From Sea to Salted Eggs
Text and photos by Austin Bush
Chaiya, in the southern Thai province of Surat Thani, is little more than two parallel streets bordered by a string of old wooden shophouses and a sleepy train station. It’s about five miles from the Gulf of Thailand as the crow flies and has long been a destination for Chinese immigrants. They originally arrived there via sea, bringing with them both ducks and novel ways to preserve food, two elements that have contributed to the town’s most famous culinary export.
“Salted eggs are Chinese,” says Saengjan Chuaykoet, who along with her sister, is the third generation to produce the dish in Chaiya. “It was a way of preserving food.”
On the surface, salted eggs might seem a distinctly landlubber dish, but they actually owe much to the ocean. In addition to probably having arrived in Thailand via Chinese sailors, salted eggs were, initially at least, made directly in the sea.
“In the old days, people used to bury the eggs in sand in mangrove forests,” Saengjan tells me in her home factory, a slightly lopsided wooden structure a brief walk from Chaiya’s railway station, where she and her sister preserve thousands of eggs by hand every day. “My grandma started preserving them in soil; they’re not as salty, and they can be kept longer.”
Saengjan and her sister have strayed little from their grandparents’ technique.
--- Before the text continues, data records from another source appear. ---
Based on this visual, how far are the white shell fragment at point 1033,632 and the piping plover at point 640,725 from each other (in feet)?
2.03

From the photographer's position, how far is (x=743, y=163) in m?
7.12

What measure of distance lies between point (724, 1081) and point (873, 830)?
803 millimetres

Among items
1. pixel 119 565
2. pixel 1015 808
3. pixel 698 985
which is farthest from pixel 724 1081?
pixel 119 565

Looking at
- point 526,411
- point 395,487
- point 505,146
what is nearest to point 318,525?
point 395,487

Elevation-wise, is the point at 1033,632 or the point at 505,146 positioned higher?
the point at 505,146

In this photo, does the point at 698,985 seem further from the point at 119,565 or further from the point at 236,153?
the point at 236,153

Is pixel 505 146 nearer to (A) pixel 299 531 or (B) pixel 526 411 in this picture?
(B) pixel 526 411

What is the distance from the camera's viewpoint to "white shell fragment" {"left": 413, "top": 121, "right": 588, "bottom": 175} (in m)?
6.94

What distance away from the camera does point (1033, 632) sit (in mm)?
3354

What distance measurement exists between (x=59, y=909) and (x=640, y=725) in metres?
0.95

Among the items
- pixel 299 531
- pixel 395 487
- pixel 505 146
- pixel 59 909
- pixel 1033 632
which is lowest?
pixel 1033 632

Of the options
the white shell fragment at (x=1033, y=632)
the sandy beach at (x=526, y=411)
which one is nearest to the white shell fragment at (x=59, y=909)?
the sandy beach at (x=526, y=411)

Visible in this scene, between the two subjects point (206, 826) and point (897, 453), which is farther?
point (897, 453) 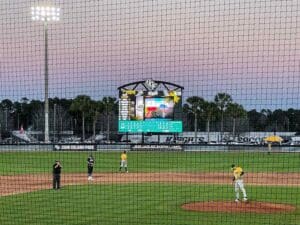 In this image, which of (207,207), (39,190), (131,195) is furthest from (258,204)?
(39,190)

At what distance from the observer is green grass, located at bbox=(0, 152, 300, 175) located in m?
33.3

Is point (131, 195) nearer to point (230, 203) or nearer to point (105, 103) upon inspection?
point (230, 203)

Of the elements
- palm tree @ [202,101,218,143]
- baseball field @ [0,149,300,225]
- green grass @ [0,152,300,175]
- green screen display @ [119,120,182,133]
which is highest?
palm tree @ [202,101,218,143]

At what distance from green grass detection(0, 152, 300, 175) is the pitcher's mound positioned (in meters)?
15.5

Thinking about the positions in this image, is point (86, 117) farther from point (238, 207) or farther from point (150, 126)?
point (238, 207)

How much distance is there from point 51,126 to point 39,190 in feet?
122

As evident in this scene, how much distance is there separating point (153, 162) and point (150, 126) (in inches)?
128

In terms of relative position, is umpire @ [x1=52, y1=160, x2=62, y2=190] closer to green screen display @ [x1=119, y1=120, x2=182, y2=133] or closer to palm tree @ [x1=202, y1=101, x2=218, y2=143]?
palm tree @ [x1=202, y1=101, x2=218, y2=143]

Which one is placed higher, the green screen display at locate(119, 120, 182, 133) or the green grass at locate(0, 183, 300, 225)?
the green screen display at locate(119, 120, 182, 133)

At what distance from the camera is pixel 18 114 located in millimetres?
48719

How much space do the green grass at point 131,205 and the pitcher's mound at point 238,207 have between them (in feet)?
1.39

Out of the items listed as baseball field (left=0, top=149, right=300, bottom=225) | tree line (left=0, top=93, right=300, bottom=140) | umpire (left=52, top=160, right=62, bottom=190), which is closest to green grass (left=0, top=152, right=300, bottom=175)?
tree line (left=0, top=93, right=300, bottom=140)

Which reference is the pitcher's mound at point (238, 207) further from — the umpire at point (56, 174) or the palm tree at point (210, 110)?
the palm tree at point (210, 110)

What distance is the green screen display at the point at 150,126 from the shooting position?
41781 millimetres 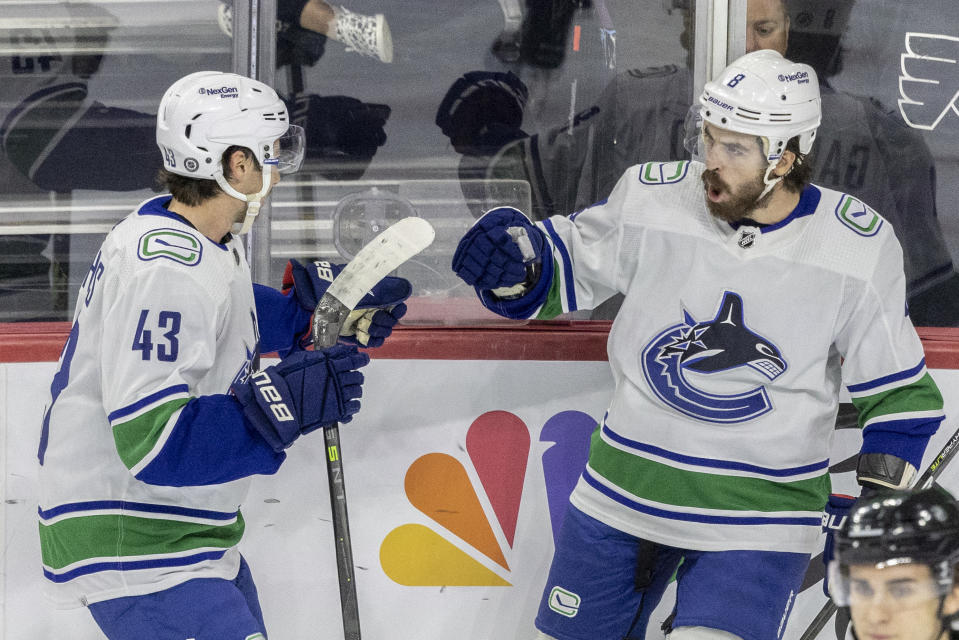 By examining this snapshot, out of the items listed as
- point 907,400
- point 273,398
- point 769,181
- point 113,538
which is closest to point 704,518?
point 907,400

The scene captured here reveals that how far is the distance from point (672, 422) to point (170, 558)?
103 centimetres

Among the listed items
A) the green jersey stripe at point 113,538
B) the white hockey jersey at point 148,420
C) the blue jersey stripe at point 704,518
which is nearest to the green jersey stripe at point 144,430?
the white hockey jersey at point 148,420

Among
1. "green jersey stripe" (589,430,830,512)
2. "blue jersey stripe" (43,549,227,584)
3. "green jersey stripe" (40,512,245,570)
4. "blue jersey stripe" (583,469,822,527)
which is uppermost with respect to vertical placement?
"green jersey stripe" (589,430,830,512)

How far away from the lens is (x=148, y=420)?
1.89m

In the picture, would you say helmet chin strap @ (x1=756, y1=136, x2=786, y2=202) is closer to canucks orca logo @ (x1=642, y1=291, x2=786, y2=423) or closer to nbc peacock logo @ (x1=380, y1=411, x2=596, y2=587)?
canucks orca logo @ (x1=642, y1=291, x2=786, y2=423)

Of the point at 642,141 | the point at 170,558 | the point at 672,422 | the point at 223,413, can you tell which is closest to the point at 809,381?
the point at 672,422

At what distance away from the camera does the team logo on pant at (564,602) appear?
231 cm

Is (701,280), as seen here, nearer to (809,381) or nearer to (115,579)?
(809,381)

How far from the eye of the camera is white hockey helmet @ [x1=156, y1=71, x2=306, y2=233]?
6.89ft

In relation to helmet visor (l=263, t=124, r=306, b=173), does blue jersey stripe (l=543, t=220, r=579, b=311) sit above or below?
below

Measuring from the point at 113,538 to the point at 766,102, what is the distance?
59.2 inches

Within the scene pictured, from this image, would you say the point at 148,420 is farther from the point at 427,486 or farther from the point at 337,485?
the point at 427,486

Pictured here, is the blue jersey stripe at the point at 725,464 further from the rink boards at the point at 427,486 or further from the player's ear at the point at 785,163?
the player's ear at the point at 785,163

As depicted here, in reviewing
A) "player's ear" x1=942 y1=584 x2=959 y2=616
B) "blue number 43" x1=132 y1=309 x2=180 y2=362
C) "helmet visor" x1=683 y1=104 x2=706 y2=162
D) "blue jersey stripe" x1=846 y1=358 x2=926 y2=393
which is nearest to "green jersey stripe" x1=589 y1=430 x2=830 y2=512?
"blue jersey stripe" x1=846 y1=358 x2=926 y2=393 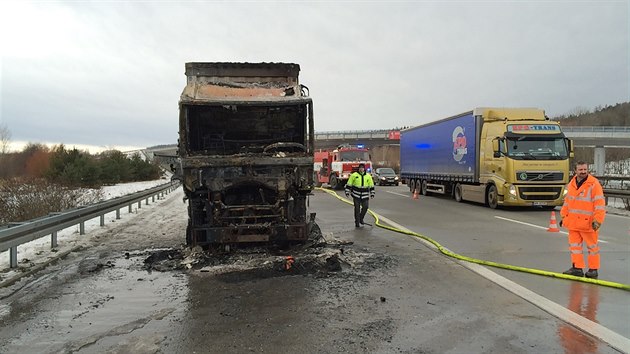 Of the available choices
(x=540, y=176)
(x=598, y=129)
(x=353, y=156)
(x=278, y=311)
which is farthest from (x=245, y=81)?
(x=598, y=129)

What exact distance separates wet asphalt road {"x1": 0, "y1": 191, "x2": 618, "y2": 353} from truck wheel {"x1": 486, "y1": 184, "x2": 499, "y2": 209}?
9557mm

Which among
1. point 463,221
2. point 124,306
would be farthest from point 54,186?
point 463,221

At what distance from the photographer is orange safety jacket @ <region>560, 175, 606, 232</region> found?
21.5ft

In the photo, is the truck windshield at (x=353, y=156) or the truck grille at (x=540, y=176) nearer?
the truck grille at (x=540, y=176)

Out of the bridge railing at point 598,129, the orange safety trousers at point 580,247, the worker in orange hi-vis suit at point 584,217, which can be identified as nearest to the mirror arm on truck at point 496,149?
the worker in orange hi-vis suit at point 584,217

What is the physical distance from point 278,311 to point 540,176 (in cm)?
1340

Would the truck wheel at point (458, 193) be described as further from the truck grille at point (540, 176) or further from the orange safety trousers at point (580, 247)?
the orange safety trousers at point (580, 247)

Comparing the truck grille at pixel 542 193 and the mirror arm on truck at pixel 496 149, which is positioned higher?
the mirror arm on truck at pixel 496 149

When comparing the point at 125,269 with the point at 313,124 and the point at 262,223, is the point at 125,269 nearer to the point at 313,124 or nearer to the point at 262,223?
the point at 262,223

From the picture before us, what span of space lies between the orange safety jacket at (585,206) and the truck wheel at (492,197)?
9.96m

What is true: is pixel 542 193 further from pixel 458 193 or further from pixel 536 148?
pixel 458 193

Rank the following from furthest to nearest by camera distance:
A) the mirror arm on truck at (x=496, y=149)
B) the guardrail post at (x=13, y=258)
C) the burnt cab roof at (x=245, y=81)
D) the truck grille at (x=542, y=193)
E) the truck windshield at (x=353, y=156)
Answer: the truck windshield at (x=353, y=156) → the mirror arm on truck at (x=496, y=149) → the truck grille at (x=542, y=193) → the burnt cab roof at (x=245, y=81) → the guardrail post at (x=13, y=258)

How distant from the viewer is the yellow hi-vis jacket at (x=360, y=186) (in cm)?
1236

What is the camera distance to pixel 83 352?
4.05 metres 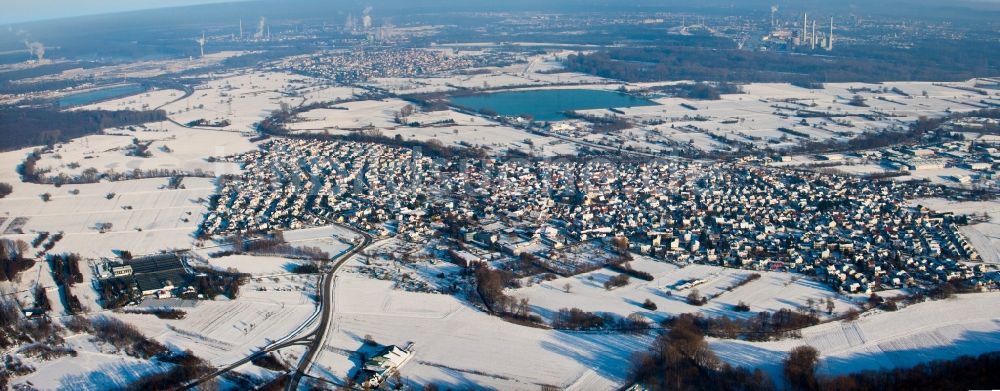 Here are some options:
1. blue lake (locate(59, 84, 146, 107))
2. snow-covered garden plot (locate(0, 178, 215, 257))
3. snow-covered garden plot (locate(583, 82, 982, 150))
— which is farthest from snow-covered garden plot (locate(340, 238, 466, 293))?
blue lake (locate(59, 84, 146, 107))

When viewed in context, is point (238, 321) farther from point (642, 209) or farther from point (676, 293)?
point (642, 209)

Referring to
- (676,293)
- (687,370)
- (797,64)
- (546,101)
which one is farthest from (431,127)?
(797,64)

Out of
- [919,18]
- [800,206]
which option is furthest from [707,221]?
[919,18]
Every day, the pair take fresh, local duck eggs and coat them in a mixture of coarse sea salt, water and the almost powderlike fine soil from toppled termite mounds. Why termite mounds, I wondered aloud? “Normal dirt doesn’t stick to the eggs,” explained Saengjan, matter-of-factly. She added that duck, rather than chicken, eggs are favored for salt preservation because of their inherently rich yolks and thick shells.
Encased in their muddy jackets, the eggs are layered in rice husk ash for protection and then boxed up. Wait a week or two, and you have subtly salty eggs with just-firm yolks that can be fried, sunny side up, as the locals do; they’re also excellent when steamed over minced, seasoned pork. Wait three weeks, and you have eggs with a lively though not overwhelming salty whites and firm, just-salty yolks; hard-boiled and quartered, their salinity countered via lime juice and sugar, slices of onion, chili and Chinese celery, they’re the basis of one of Thailand’s favorite late-night snacks.
“It’s not complicated,” Saengjan tells me. “Just soil, salt and water. The most important thing is the eggs.” She goes on to explain that in the past, Chaiya’s ducks were let loose in flooded rice fields, where they ate a protein-heavy diet, the secret behind those rich, sunset-hued yolks. These days, although the ducks are raised on farms, they’re fed a diet that’s heavy in shrimp.
Saengjan offers me a hard-boiled salted egg, sliced in half directly through the shell. “Eat a bit of the yolk with the egg white,” she urged, “it won’t taste too salty that way.”
The bite combined a white with none of the overwhelming salinity or unpleasant chalkiness of lesser-quality salted eggs, and a yolk with a deep orange color and rich, rather than salty, flavor—a delicious and unexpected union of land, sea, migration and preservation.